Ok, I’m not really all that desperate for friends. But since moving to our new house 8 months ago, we’ve been looking for other families in the neighborhood who had little kids. Our hopes were dashed at our annual homeowners meeting this winter, when we discovered that most of the people in our subdivision were offering up their grandchildren as babysitters. And my fears were not lessened this spring as time and time again Sweet Pea and I had the playground to ourselves. I just figured we moved into an older neighborhood. Both the houses, and the residents. But on Tuesday a glorious thing happened. We had a Fouth of July parade! It was fantastic, with a fire truck leading the way and an army of kids on streamer laden bikes racing around the cul-de-sacs. And then, from across the street, we spotted them. A nice couple with a double stroller. They were totally checking us out too. And slowly made their way over to introduce themselves.

“Hey, we’re Sue and Rob*. Do you live around here?”

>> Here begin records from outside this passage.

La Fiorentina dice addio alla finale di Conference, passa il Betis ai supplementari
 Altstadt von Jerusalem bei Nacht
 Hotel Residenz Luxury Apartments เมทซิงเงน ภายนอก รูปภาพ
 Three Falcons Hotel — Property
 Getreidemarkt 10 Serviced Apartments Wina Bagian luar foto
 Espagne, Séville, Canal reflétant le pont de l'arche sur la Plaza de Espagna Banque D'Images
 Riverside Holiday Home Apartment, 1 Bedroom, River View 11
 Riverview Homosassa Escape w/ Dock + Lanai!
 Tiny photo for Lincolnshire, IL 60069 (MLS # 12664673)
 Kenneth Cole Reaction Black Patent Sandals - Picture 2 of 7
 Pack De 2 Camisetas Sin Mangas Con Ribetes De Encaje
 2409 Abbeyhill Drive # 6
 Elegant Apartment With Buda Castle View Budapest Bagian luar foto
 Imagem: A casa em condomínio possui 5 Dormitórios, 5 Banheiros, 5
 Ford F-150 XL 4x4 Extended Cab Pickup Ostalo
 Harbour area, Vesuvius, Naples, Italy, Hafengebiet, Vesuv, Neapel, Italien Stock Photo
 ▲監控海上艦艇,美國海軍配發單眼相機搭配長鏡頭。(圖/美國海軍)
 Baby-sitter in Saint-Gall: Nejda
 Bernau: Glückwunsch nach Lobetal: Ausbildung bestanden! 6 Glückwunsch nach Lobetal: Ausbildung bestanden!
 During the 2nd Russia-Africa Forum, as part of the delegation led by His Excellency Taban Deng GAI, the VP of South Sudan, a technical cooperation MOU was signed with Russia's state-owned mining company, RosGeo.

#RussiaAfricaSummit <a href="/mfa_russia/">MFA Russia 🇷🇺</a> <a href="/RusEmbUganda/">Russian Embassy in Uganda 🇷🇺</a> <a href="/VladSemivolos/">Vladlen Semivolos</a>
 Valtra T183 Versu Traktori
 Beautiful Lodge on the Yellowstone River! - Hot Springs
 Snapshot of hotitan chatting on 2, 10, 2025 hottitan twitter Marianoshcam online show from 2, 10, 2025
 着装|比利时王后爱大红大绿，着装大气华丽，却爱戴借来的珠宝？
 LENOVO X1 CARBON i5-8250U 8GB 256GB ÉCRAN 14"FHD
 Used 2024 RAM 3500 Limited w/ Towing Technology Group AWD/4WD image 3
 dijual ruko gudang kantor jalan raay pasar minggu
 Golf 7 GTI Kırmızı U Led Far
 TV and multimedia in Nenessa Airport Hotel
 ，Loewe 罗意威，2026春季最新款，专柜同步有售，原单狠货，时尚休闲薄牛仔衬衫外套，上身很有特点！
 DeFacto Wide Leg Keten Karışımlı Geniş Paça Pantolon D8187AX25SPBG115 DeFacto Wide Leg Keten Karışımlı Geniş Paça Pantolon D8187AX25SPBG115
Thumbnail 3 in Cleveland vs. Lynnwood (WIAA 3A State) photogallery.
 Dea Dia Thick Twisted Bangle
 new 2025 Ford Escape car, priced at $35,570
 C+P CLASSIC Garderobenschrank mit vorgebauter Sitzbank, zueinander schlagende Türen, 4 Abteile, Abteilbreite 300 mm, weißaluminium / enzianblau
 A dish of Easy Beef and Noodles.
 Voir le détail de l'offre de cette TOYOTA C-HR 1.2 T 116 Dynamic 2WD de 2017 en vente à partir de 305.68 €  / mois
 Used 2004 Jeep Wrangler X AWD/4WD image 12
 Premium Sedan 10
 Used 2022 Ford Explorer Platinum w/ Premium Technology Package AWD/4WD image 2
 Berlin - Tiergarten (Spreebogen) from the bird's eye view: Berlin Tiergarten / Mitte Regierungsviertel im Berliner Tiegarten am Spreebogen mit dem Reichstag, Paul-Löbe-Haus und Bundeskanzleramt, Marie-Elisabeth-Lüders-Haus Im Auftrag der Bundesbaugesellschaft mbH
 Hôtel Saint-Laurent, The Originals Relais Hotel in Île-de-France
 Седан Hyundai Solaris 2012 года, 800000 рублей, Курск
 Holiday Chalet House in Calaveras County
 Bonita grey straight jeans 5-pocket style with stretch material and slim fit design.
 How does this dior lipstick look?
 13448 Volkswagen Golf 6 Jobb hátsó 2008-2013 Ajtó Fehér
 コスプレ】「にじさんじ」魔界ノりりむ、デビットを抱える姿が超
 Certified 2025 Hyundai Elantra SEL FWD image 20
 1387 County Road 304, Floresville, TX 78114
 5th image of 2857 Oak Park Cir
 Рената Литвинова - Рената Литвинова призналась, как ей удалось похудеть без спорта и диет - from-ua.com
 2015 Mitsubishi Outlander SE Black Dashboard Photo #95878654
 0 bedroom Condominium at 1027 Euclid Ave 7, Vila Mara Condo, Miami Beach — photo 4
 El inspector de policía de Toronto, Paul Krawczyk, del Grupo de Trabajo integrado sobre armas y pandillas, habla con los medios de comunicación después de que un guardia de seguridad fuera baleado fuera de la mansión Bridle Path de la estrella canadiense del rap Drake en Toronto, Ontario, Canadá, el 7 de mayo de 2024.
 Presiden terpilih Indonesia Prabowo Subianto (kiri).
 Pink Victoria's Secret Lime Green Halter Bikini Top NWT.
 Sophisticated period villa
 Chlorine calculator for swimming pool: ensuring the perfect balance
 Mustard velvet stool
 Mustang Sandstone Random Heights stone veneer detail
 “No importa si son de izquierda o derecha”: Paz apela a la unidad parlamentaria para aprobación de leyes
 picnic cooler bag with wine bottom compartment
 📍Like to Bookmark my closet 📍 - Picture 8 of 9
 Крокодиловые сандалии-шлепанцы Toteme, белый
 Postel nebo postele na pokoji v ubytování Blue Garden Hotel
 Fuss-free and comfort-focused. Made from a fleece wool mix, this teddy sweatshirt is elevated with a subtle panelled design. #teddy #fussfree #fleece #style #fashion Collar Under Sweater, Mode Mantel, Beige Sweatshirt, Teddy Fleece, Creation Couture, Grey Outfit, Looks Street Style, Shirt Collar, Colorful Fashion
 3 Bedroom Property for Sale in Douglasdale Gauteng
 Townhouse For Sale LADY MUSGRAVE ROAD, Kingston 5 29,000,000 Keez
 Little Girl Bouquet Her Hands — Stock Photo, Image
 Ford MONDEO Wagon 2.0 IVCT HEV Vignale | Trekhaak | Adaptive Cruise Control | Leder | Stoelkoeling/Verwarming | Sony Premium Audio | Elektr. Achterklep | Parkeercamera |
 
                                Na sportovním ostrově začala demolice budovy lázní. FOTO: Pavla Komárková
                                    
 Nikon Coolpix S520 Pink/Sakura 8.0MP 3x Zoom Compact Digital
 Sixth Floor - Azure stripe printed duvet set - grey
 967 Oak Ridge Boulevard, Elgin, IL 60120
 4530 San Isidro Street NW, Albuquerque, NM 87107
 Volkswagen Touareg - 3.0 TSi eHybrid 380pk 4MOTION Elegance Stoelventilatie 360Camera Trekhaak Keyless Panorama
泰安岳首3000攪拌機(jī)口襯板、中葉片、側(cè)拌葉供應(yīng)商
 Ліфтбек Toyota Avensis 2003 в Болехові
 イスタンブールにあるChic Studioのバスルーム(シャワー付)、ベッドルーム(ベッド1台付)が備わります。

“Yes! We do. Right over there. You?”

“Yeah, the tan house on the corner. (Pause) How old? (nodding at my daughter)”

“Two, yours?”

“This one is three, and he’s nine months. We should get them together sometime.”

OMG, WE GOT ASKED OUT. I didn’t get digits. But Sue told me to drop by anytime. Their house is on the way to the playground, so it would be really easy to do. So what’s the protocol? It’s been two days. If I drop by tomorrow do I seem too eager? If I wait until next weekend will she think I blew her off? What if we go to the park and she never calls again? Or what if she’s weird and she won’t leave me alone? She didn’t seem weird. She seemed nice. And friendly. And well dressed.

I think I’ll drop by. Maybe bring her some Teddy Grams.


*Names have been changed, blah blah blah.

Wednesday, July 05, 2006

It’s a C-O-N-spiracy.

I am so onto you Dyson Corp. Nice try. With the super chatty sales lady who was oh so interested in me and my vacuuming needs. “What kind of carpet do you have?”

“Oh, you have a pet? What kind?”

It worked for a while. I naively believed that she was just trying to asses which Dyson would be the best fit for our home. BUT NOW I KNOW WHAT YOU WERE REALLY UP TO.

As soon as that fork tongued suction siren heard me say yellow lab she sent some kind of message back to the warehouse. Didn’t she? I’ll give you guys some credit. She was sneaky. I didn’t see her talking into her sleeve, or using any Sydney Bristowesque moves to initiate the communiqué…but I know she did it. And then your little minions in the back installed some kind of doohickey in my vacuum that churns out blonde fur faster than you can say “won’t lose suction.”

At first I just thought I had a dog with a shedding problem. But hello – I’m sucking up an extra pet a week. There is no way that my precious furry baby is making that big of a mess in my house. She loves me too much. So I started to think about what was really going on here. And that’s when it came to me. You knew that your modern design and chichi color schemes would get me to make the purchase. But you needed the clear canister to seal the deal. And so you made it impossible for me to resist the suction seduction. You made me a Dyson whore. Endlessly singing your praises to my friends. Obsessing about dust and dander. Vacuuming two, three times a week.

Oh Dyson, how I loathe you. Oh Dyson, how I love you.